Georgian MPs Want Toll-Free Traffic With Armenia

By Ruzanna Khachatrian
The ethnic Armenian members of Georgia's parliament urged Armenia on Thursday to abolish prohibitive charges levied from Georgian vehicles entering its territory, saying the move would facilitate contacts between the two neighbors.

The five lawmakers led by Van Bayburt, a leader of the Armenian community in Tbilisi, said the Georgian government has already scrapped similar tariffs for Armenian vehicles and expects Yerevan to follow suit.

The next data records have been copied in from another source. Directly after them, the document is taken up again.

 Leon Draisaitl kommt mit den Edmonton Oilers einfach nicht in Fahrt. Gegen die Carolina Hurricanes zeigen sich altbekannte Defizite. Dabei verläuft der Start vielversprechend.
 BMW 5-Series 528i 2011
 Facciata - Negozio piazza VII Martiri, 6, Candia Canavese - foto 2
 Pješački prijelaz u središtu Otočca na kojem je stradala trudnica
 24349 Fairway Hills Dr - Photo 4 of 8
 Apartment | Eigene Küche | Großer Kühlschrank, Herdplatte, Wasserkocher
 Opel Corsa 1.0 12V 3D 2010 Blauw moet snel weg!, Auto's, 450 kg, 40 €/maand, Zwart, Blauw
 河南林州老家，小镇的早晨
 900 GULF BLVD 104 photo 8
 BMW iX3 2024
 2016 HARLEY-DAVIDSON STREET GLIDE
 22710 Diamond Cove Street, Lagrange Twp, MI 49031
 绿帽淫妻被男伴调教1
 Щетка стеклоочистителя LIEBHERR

The road tolls worth $50 per car or truck, a large sum by both Armenian and Georgian standards, are one of the factors that have hampered commercial and individual traffic between the two countries since the Soviet collapse. The Georgian side unilaterally abolished them on January 1 at the request of Georgian businesspeople promoting closer economic ties with Armenia.

It is still not clear why the Armenian authorities have been slow in reciprocating the move, especially given the fact that most Georgian citizens traveling to Armenia are ethnic Armenians.

“That issue is being discussed in accordance with the president’s instructions and I think it will find a positive solution soon,” Transport and Communications Minister Andranik Manukian said on Thursday.

Armenian officials have praised the administration of President Mikhail Saakashvili for thoroughly repairing the main Georgian highway leading to the Armenian border. They also admit that Saakashvili’s dramatic overhaul of Georgia’s formerly corrupt traffic police all but put an end to the extortion of bribes from Armenian motorists.

Bayburt was speaking to reporters in Yerevan where he and his Georgian-Armenian colleagues arrived at the invitation of parliament speaker Artur Baghdasarian. He said they discussed road tariffs and other issues relating to cross-border travel with Baghdasarian and other Armenian officials.

The situation in the Armenian-populated areas in southern Georgia was also high on the agenda of their talks. One of them, the Tsalka district, has been particularly restive in recent years with clashes periodically reported between local Armenians and Greeks and Georgians.

Tbilisi deployed interior troops in the area last year in a bid to keep the situation under control. However, tensions there rose again late last month after Georgian soldiers shot and wounded an Armenian youth in still uncertain circumstances.

The incident sparked protests in Tsalka and even Armenia where a group of nationalist students protested outside the Georgian embassy in Yerevan. The protesters linked it to the situation in Georgia’s main Armenian-populated region, Javakheti.

Bayburt, who is affiliated with Georgia’s largest governing party, disapproved of the protest. “People don’t know geography,” he said. “They should know that the Tsalka district is not part of Javakheti. It is wrong to politicize everything.”

Meanwhile, speaker Baghdasarian was quoted by his press service as telling the visiting Georgian-Armenian deputies that he and his Georgian counterpart Nino Burjanadze will soon jointly visit Javakheti to assess progress in stated government efforts to alleviate the region’s serious socioeconomic problems. Those problems may be further aggravated by the upcoming closure of a local Russian military base, the area’s single largest employer.

Saakashvili on Monday again sought to allay the Javakheti Armenians’ concerns, announcing that the economically depressed and largely agricultural region will become the principal supplier of foodstuffs to the Georgian military. “Today, together with the Georgian defense minister, we have decided that all 20,000 military personnel of the Georgian armed forces … will be fully supplied with agricultural produce by residents of [the Javakheti districts of] Akhalkalaki and Ninotsminda,” Saakashvili said in a speech in Tbilisi.

“We will buy this produce in Ninotsminda and Akhalkalaki, so that none of our citizens of Armenian origin or any person living there has any concerns about the loss of income because the Georgian state is growing stronger in the area and foreign influence is weakening,” he added.